There’s no denying that many fragments of this chapter in my life still moves me to tears but I think a lot of people can be mistaken why any feelings would still remain after all these years. You can rest assure, I’ve stopped crying for him decades ago. Each time this story is told, the spellbinding pain dissipates just a little more. Those memories have been well detached from me yet they’re also a very real part of who I am. The truth is, I cry for the youth that I’ll never be able to get back. I cry for the young girl in me that I’ll never be able to go back in time to save and I cry for the mistakes that I have never been able to make amends with. People often wonder how the memories remain in tact after so much time has past but they fail to understand that victims of trauma continue to live that trauma. It’s hard to forget all the vile details that’s been embedded so deep. It has nothing to do with longing for that era, time, or even that person. Some say that if you continue to reminesce about something or someone, then it still matters to you. The only thing that matters to me now is sharing with you how very real domestic violence is and why it’s so important to bring awareness to it – especially in our culture.
I don’t know what you’ve heard, but we were a young marriage, like most marriages in that time. It was a marriage that started on all the wrong terms. One that wasn’t approved of on all sides. One created out of desperation, foolish ultimatums and young lust. One that not even heaven itself approved of. It was a celebration that started at dusk, such an unusual time to welcome a new bride. It made the atmosphere wreak in complete obligation. It was a matrimony amid a wavering storm. Thunder clapped and shook through the house in disapprovement as lightening danced across the night sky like fireworks outside the window. Yet, there we stood, commenced in ceremony, gazing, smiling, so innocent and unbeknownst to the anguish that would soon unravel. In the weeks to come was a tell tale wedding that followed. An event graced with the pitter patter of summer rain, rain which trickled alongside every tear drop of a young bride’s farewell. It was so grand yet so sad, almost grief-stricken. Ironic don’t you think. And just like a premonition of a broken marriage to come, a dismantled wedding umbrella was seen sholved into the back of a loaded van leaving nothing left intact but it’s iconic black and white striped trim flapping back and forth in the wind as we drove off into the sunset. My life as I knew it grew smaller and smaller in the rear view mirror until it finally disappeared into the gray horizon.
Married life started and before I even knew it puppy love was gone. All that remained was a selfish boy who couldn’t undo what he had done and a foolish girl who openly accepted her fate. He wasn’t man enough to own up to his mistakes and he didn’t love me enough to push forward with his commitment. I now understand that at 15 I couldn’t offer him any luxuries or guarantees. At 15, young love simply wasn’t enough to compensate for the bachelor life he gave up. It certainly wasn’t enough for a boy who everyone treasured and had so much hope for. Of course they all failed to consider that I too gave up the same for him and that my family also had high hopes and dreams for me. 

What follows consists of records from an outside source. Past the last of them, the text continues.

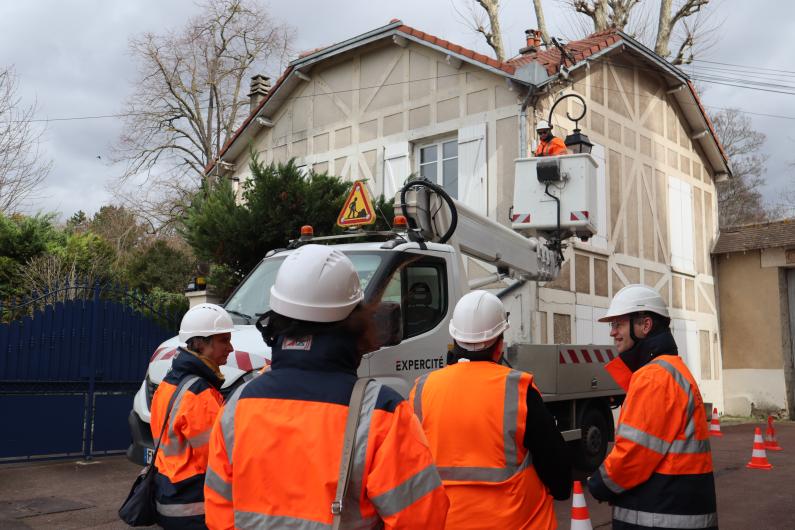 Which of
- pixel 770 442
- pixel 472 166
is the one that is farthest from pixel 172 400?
pixel 770 442

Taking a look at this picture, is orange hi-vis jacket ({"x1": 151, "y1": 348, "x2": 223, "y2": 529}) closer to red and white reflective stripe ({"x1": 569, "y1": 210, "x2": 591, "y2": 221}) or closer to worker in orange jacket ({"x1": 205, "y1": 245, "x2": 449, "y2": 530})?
worker in orange jacket ({"x1": 205, "y1": 245, "x2": 449, "y2": 530})

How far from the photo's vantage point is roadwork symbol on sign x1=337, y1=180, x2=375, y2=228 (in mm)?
7527

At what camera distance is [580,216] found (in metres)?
9.43

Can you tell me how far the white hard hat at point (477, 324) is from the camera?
10.2 feet

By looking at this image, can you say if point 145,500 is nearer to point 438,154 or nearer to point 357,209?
point 357,209

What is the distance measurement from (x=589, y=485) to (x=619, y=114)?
46.1 feet

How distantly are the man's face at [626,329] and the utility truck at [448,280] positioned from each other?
0.94 meters

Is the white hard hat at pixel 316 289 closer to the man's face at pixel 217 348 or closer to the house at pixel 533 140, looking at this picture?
the man's face at pixel 217 348

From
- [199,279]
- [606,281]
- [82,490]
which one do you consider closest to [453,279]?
[199,279]

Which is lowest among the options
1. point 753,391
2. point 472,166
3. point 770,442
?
point 770,442

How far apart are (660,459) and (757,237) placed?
17.6 m

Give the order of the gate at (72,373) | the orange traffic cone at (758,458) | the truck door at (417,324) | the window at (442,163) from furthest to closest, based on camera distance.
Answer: the window at (442,163) < the orange traffic cone at (758,458) < the gate at (72,373) < the truck door at (417,324)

And so, his metamorphasis began. First consumed by jealousy, then abuse and seclusion and finally succumbed by hate. It goes without saying that no matter how we define it, or how we try to justify it, abuse will always be abuse. It’s often a misconception that physical force alone defines this word, and for a male led culture, that was the prime belief. It’s the absence of this knowledge that imprisons a woman and plays such a significant role in the cycle of abuse. By the time any woman is actually given the platform it’s often too late. You see, not all abuse starts with physical or deadly force. Every abuser works up to their own level of comfort. For him, it was his jealous rage, one that dictated much of my life. And as he wreaked that havoc onto me he made sure there was no shortage of mental infliction and ridicule: I was shut out from the rest of the world, no one could befriend me, let alone look at me, and god forbid someone should ever be polite or helpful towards me. It was these unwritten rules that made it impossible to get through a day with him. Most nights ended with interrogation or accusation. But those were still considered the good old days, believe it or not. Getting dressed and groomed on a typical day was no ordinary affair. Dresses and skirts had to be a certain length, tanks needed cardigans, cardigans needed to be buttoned all the way up and makeup, I never knew when it was too much or not enough. You would think that this was my everyday attire but nope, only for times he didn’t have a direct line of sight on me. I made the foolish mistake of leaving my cardigan partially unbuttoned once and paid a hefty price for it. Getting kicked out of his car became just another norm to me. Ironic how posessive he was, yet I was never good enough for him. He had a certain type and it evidently wasn’t me. I wasn’t thin enough, pretty enough, or tall enough, turns out I wasn’t even the right race, but if I thought that was bad, I was going to learn a whole new meaning of hurt.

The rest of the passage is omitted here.